**Activity**
Pictures aside, reproduce exactly and only the lines from the one containing "Accident. Soviet and" through the end of the records.

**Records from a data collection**
══════
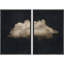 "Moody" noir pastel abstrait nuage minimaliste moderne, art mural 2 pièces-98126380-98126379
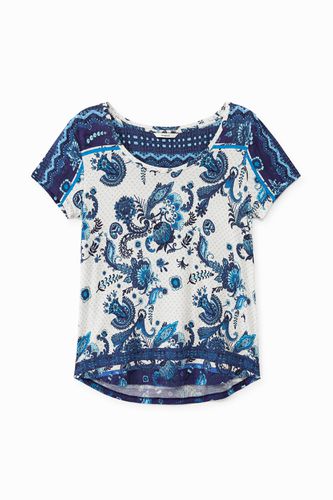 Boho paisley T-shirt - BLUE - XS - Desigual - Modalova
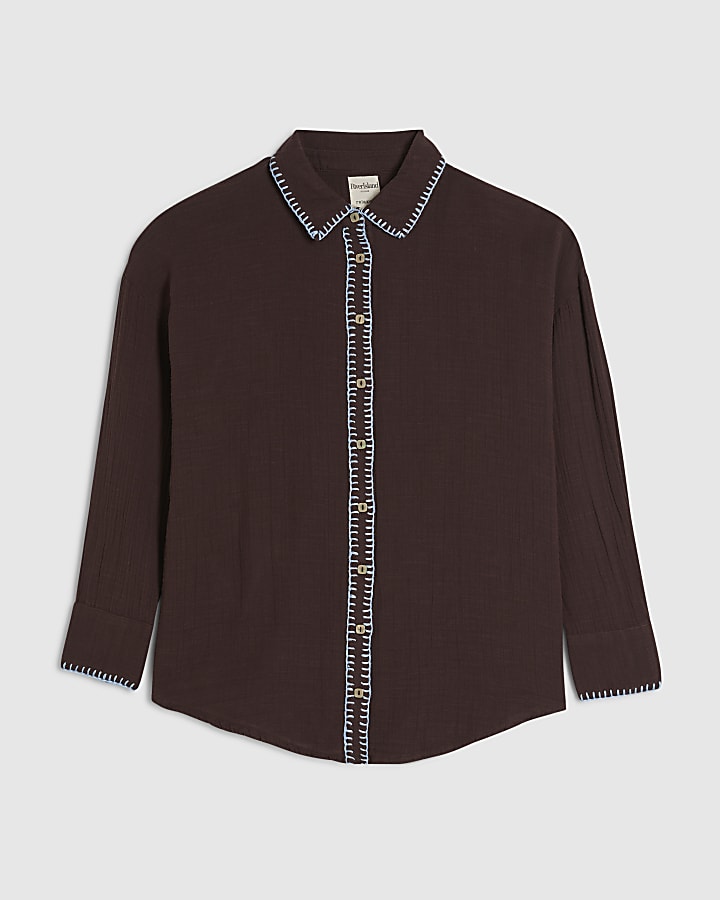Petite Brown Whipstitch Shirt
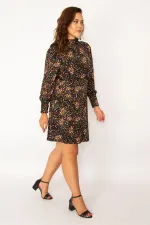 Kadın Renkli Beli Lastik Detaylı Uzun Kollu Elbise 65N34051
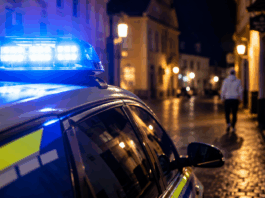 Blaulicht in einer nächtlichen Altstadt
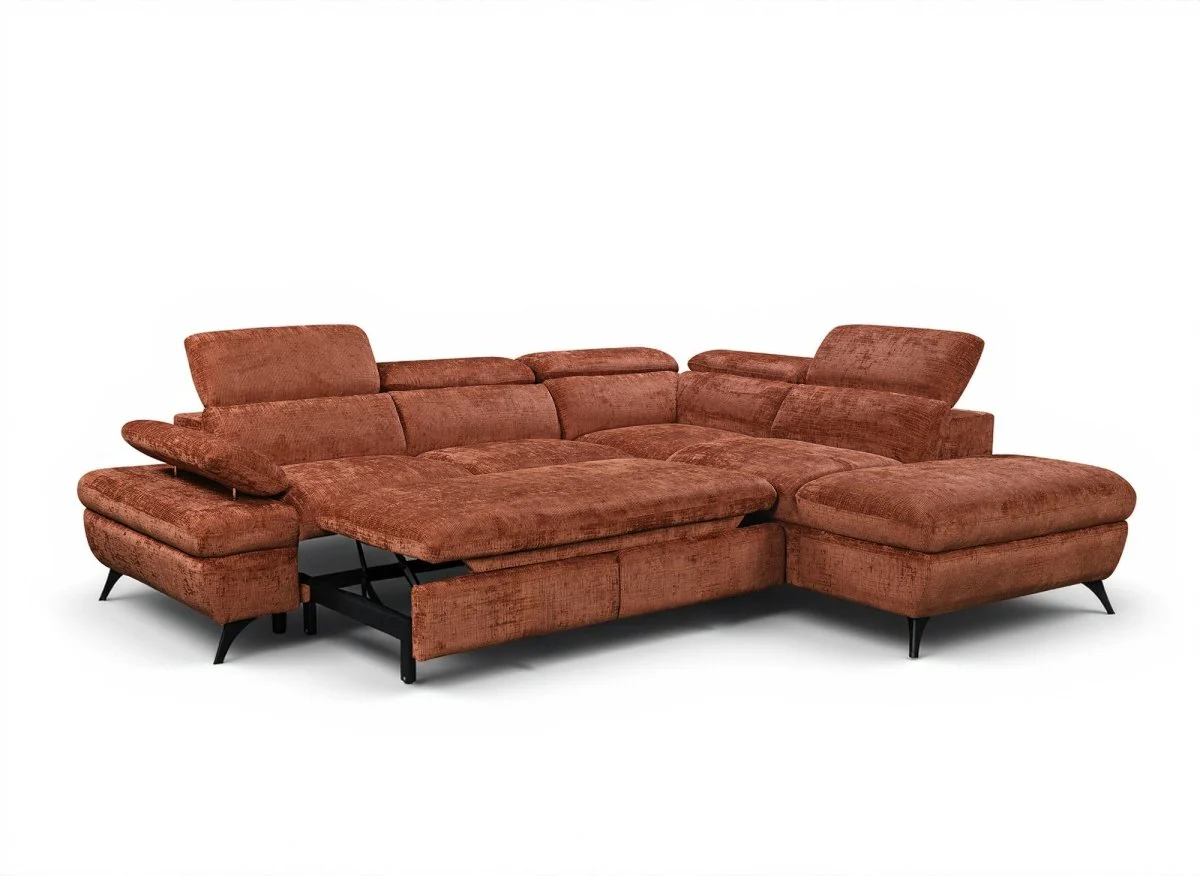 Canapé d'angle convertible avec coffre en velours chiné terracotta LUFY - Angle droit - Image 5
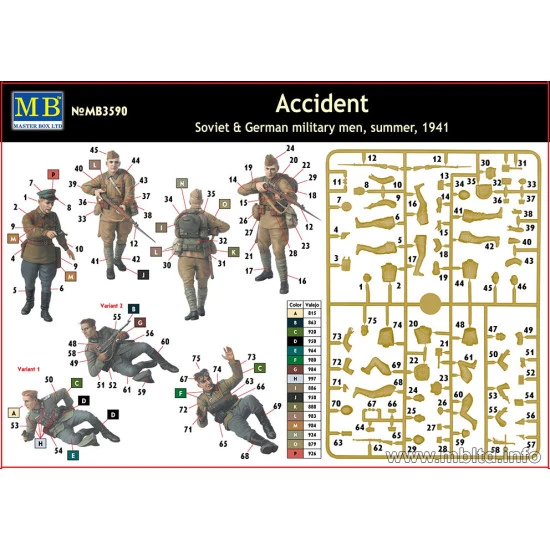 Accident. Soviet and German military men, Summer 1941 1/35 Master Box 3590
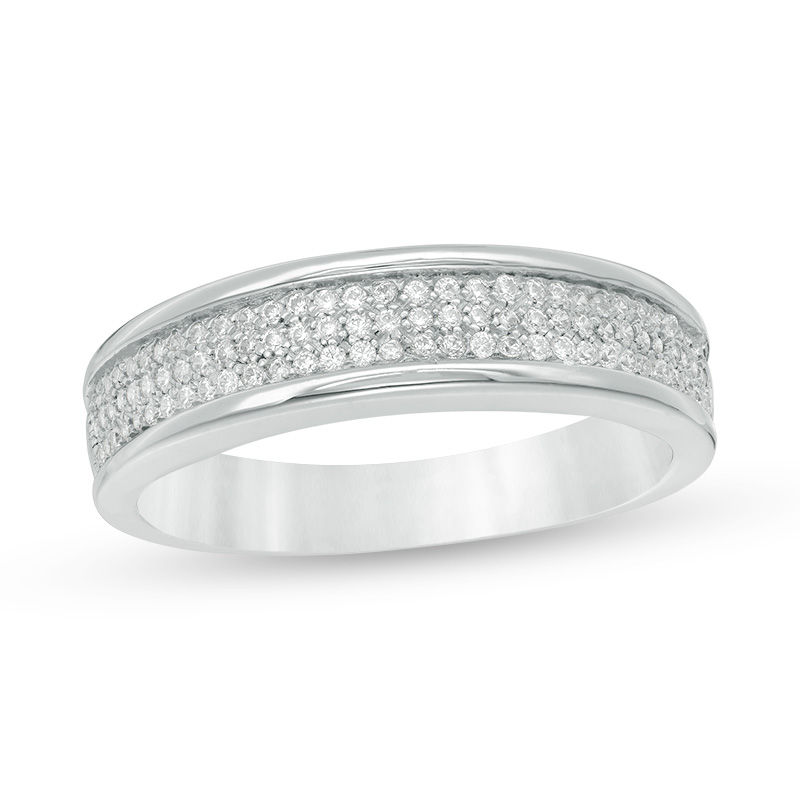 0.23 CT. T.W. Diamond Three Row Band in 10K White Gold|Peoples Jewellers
══════
**Answer to this exercise**
 Accident. Soviet and German military men, Summer 1941 1/35 Master Box 3590
 0.23 CT. T.W. Diamond Three Row Band in 10K White Gold|Peoples Jewellers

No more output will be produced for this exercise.